Shyam Prasad:I'm sorry David, we doesn't when this item will be available for the next batch.

Me:So then how can you provide an estimate May 23, 2012 delivery date??

Shyam Prasad:Once we receive more items in stock we will update this information in our website.


----------



## darktiger (Mar 23, 2012)

Man I am glad I canceled my order with them... I ordered my body from somewhere else on Wed and got it on Thursday....


----------



## jeremychone (Mar 23, 2012)

Apparently, Shipping on Monday, see my conversation with a rep.


----------



## PageWorks Studios (Mar 23, 2012)

Jeremy - way to handle it with them - it's nice to see someone not interested in blowing steam at someone (the employee) who has nothing to do with the supplies, and to offer constructive, respectfully delivered advice on what to do next time....


----------



## bigfatdaddyo (Mar 23, 2012)

I chatted with team India and a supervisor for 30 mins, I was unable to get any information as to a ship date, I ordered the camera just an hour or two after the news came out, so I was an early orderer, like 1am-ish. Just called Norman in Michigan and got a kit broken in half and they are shipping it today. Said to see Amazon fail at such a simple task.


----------



## PageWorks Studios (Mar 23, 2012)

for what it's worth - JUST got my email from Amazon that the camera has SHIPPED!! I'll try to update when it arrives but means probably Monday because I'm on Prime....


----------



## kidnaper (Mar 23, 2012)

They're slowly trickling out. I got my body shipping confirmation around 11am this morning and even with 1 day prime the expected delivery is Monday.


----------



## The19th (Mar 23, 2012)

Body Only order from Amazon just now arrived from UPS. Charging the battery atm.
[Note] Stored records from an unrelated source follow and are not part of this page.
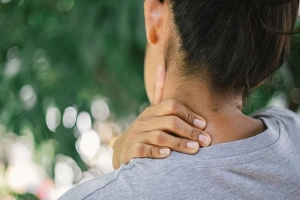Cách giảm đau đầu sau gáy tại nhà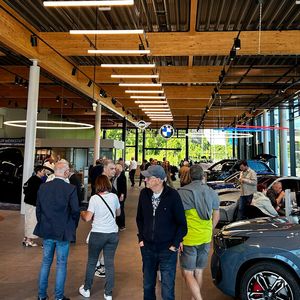Im neuen BMW- und Mini-Autohaus werden die Fahrzeuge auf 940 Quadratmetern präsentiert.(Bild:  Silke Rosar, Fotostudio Camera Obscura 3D-Visualisierung)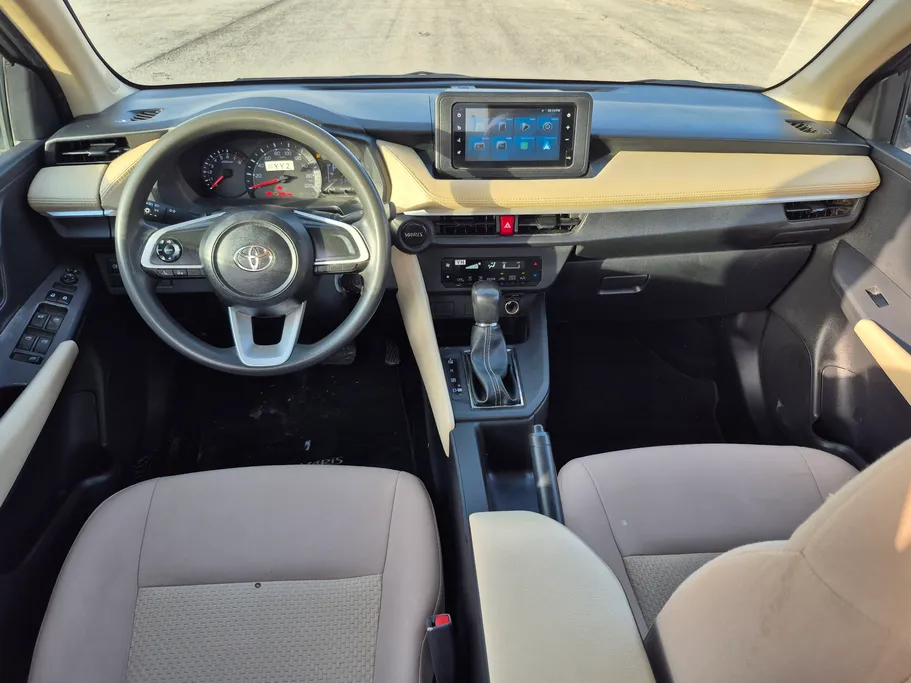 2024 Toyota Yaris  Y 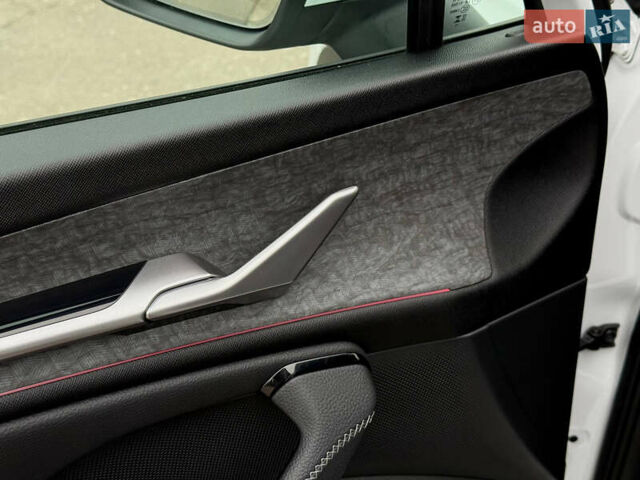 Белый Шкода Kodiaq, объемом двигателя 1.97 л и пробегом 22 тыс. км за 44500 $, фото 56 на Automoto.ua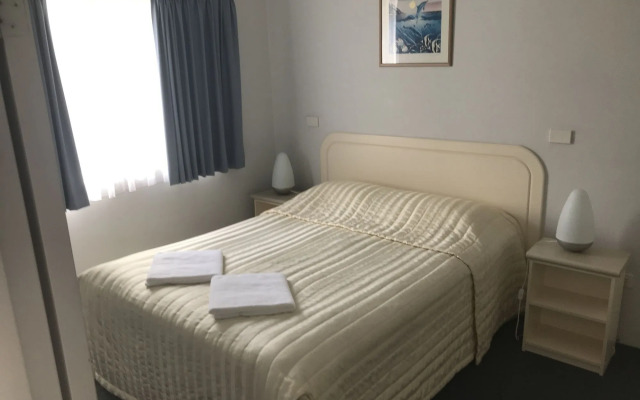 Mollymook Aquarius Apartments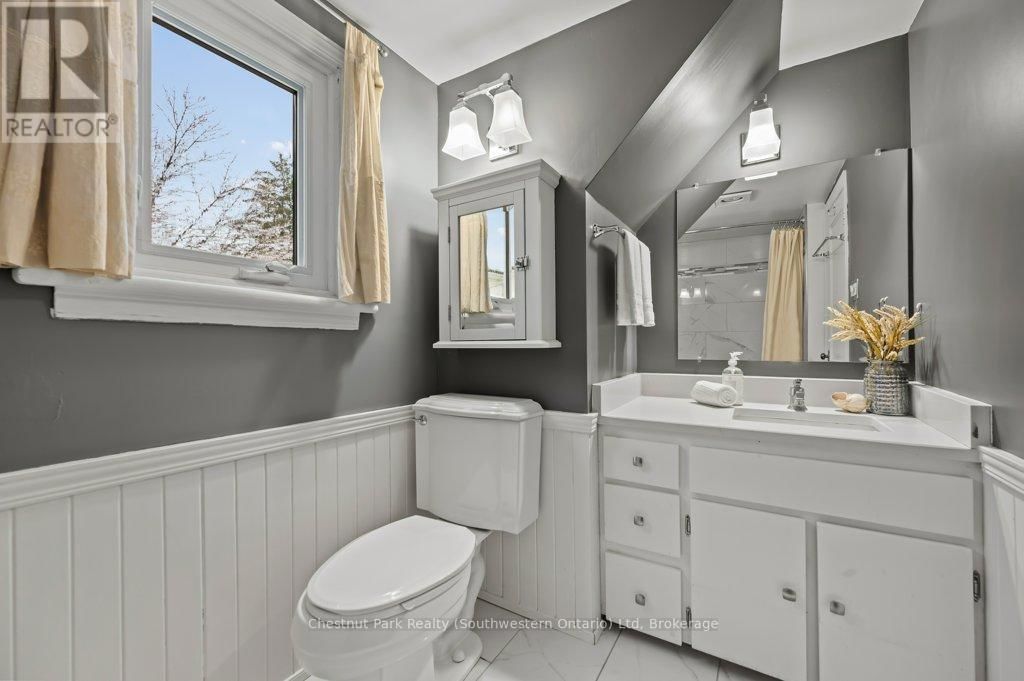 214 HARRIS STREET Image 37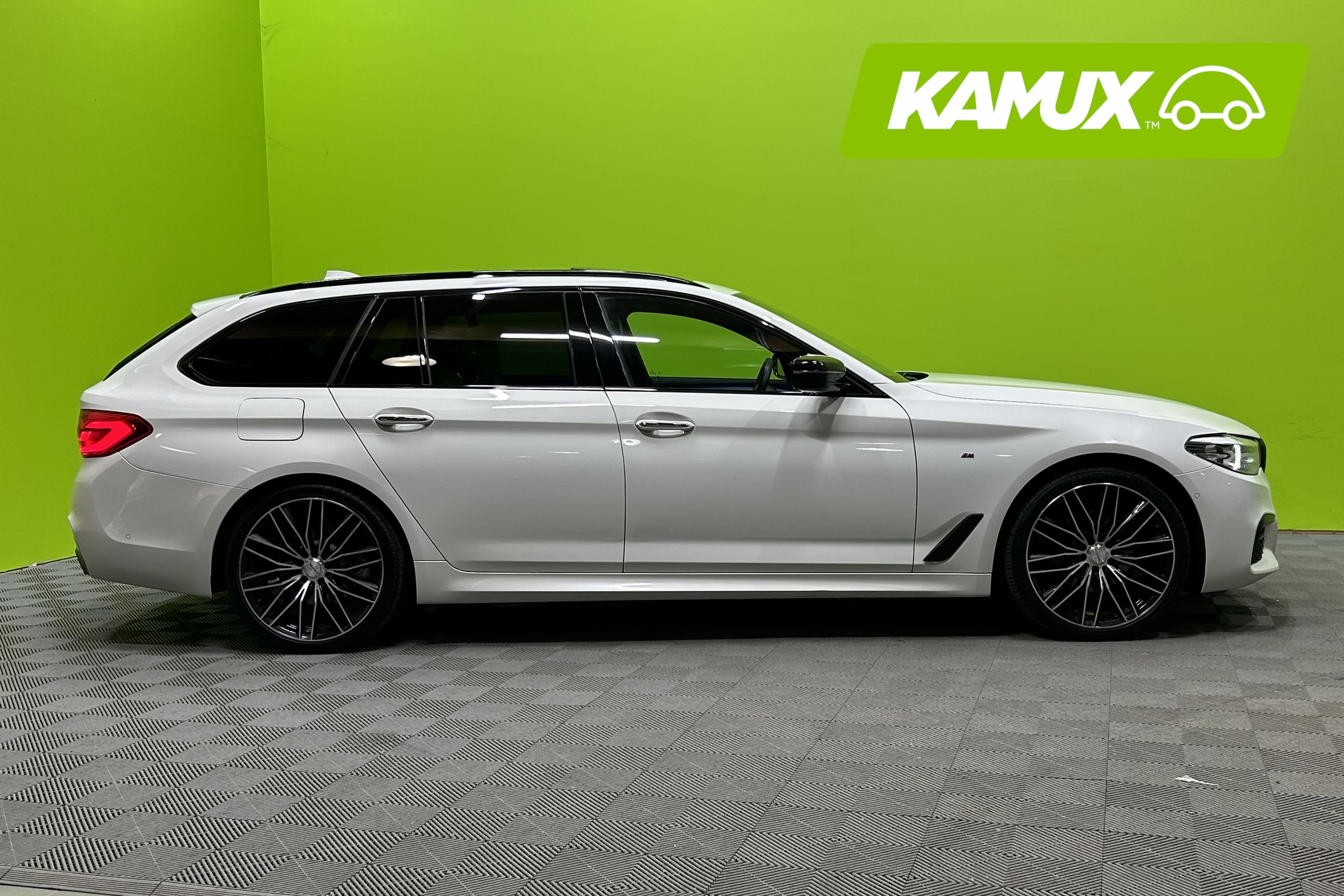 BMW 520 G31 Touring A xDrive M-Sport 2018, bild 2/26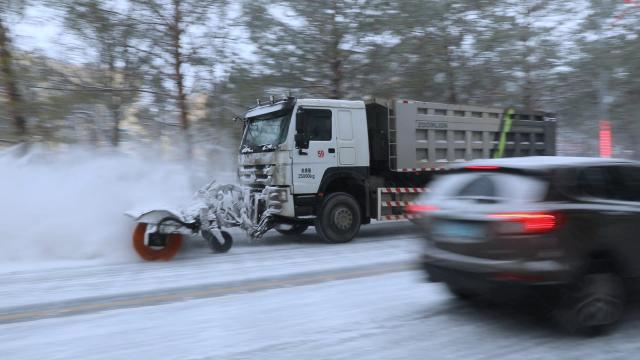 (251211) -- URUMQI, Dec. 11, 2025 (Xinhua) -- A snow removal vehicle cleans snow on a road in Habahe County in Altay, northwest China's Xinjiang Uygur Autonomous Region, Dec. 10, 2025. TO GO WITH "Xinjiang heats up, halts traffic amid strong cold snap" (Photo by Basanbek Bahit/Xinhua)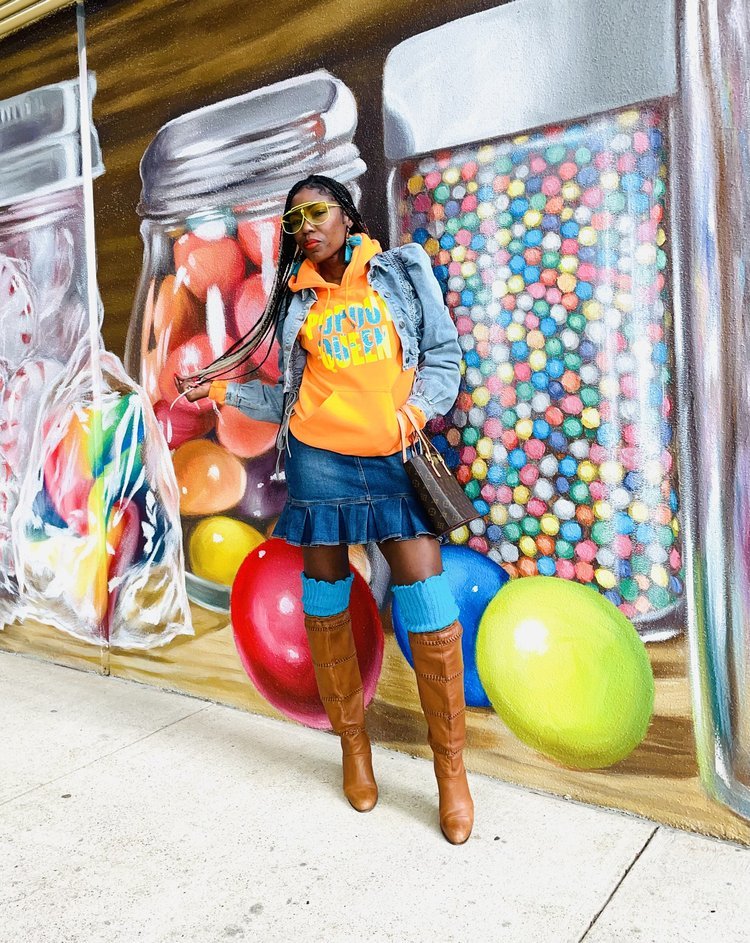 Orange Popout Queen 1.jpeg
Order placed: March 2, 6:51am Pacific
Shipping notification received: March 22, 10:31am Pacific
Shipped from the Fernley, NV distribution center to Sacramento, CA
Delivery: March 23, 2:40pm Pacific


----------



## CanonBo (Mar 23, 2012)

The19th said:


> Body Only order from Amazon just now arrived from UPS. Charging the battery atm.
> 
> Order placed: March 2, 6:51am Pacific
> Shipping notification received: March 22, 10:31am Pacific
> ...



Thanks for sharing. This is what I find baffling. I placed my order for the body only before you. My item hasn't even shipped out yet. How can Amazon explain this???


----------



## Vaz (Mar 23, 2012)

ROFL, 6am PST! I placed my order 3am est! That would be midnight pst. I got a six hour lead on The19th's order yet his got shipped and my order is doesn't have any updated at all, no shipping soon or anything. Honestly, I'm glad you got your camera and enjoy, but this just doesn't make sense how they cherry picked these orders. I wonder if they were all west coast orders? If east coast orders are getting fulfilled too, then I just don't understand. I made a huge mistake buying a $500 gift card to avoid my debit card delaying for fraud prevention. Now I'm completely confused and pissed off, unsure of my next move. I have enough cash to order somewhere else, but I really don't need the $500 sitting there in gift funds and I can't get a refund on that either it seems. It's kind of amazing that such an expensive camera would have such a huge demand in a depressed economy.


----------



## PhotoVIC (Mar 24, 2012)

Mar. 3 4:25p order (yes, I was not able to pull the trigger immediately).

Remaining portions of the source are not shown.